Graph Evidential Learning for Anomaly Detection

TL;DR

This paper introduces Graph Evidential Learning (GEL), a probabilistic framework for graph anomaly detection that models uncertainties to improve robustness and accuracy over traditional reconstruction-error-based methods.

Contribution

GEL redefines graph reconstruction using evidential distributions, effectively quantifying uncertainties and enhancing anomaly detection robustness and performance.

Findings

GEL achieves state-of-the-art anomaly detection results.

GEL is more robust to noise and structural perturbations.
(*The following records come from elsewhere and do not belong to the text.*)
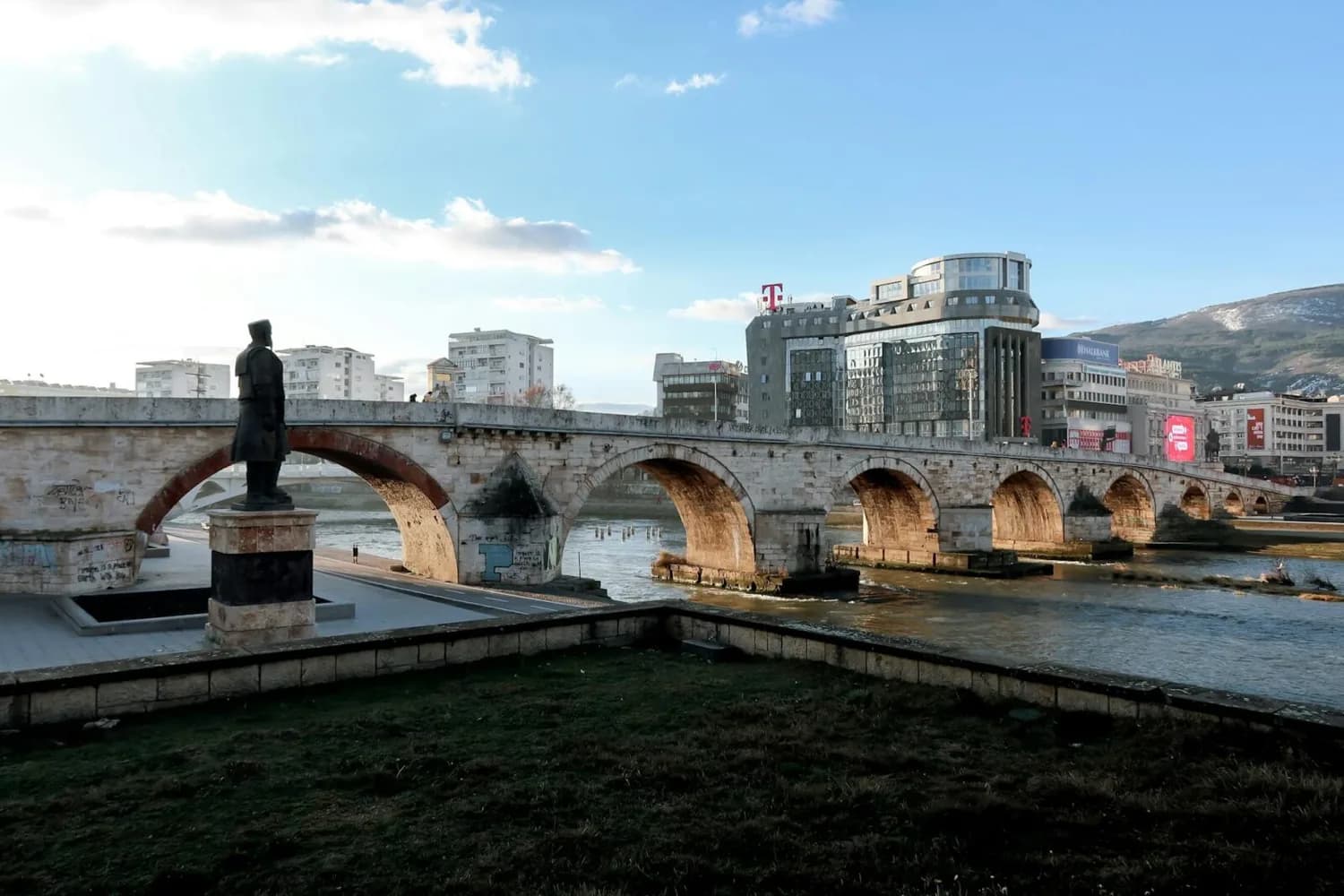 Steinbrücke über den Fluss Vardar in Skopje mit Bogengängen, Uferpromenade, Statue im Vordergrund und moderner Stadtbebauung im Hintergrund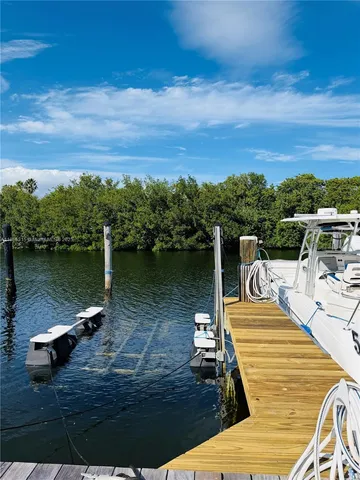 a view of a lake with boats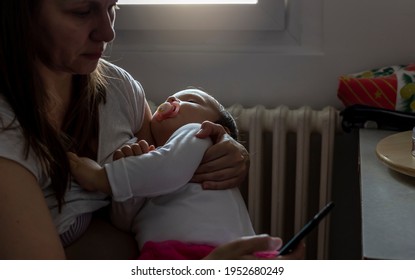 Tired Concerned Mother Rocking Sleeping Baby In Kitchen During The Day At Home. New Mother Looking At Smatphone While Rocking Her Baby. Portrait Of Young Woman And Cute Little Child In Home Interior.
GEL effectively models uncertainty in graph data.

Abstract

Graph anomaly detection faces significant challenges due to the scarcity of reliable anomaly-labeled datasets, driving the development of unsupervised methods. Graph autoencoders (GAEs) have emerged as a dominant approach by reconstructing graph structures and node features while deriving anomaly scores from reconstruction errors. However, relying solely on reconstruction error for anomaly detection has limitations, as it increases the sensitivity to noise and overfitting. To address these issues, we propose Graph Evidential Learning (GEL), a probabilistic framework that redefines the reconstruction process through evidential learning. By modeling node features and graph topology using evidential distributions, GEL quantifies two types of uncertainty: graph uncertainty and reconstruction uncertainty, incorporating them into the anomaly scoring mechanism. Extensive experiments demonstrate that GEL achieves state-of-the-art performance while maintaining high robustness against noise and structural perturbations.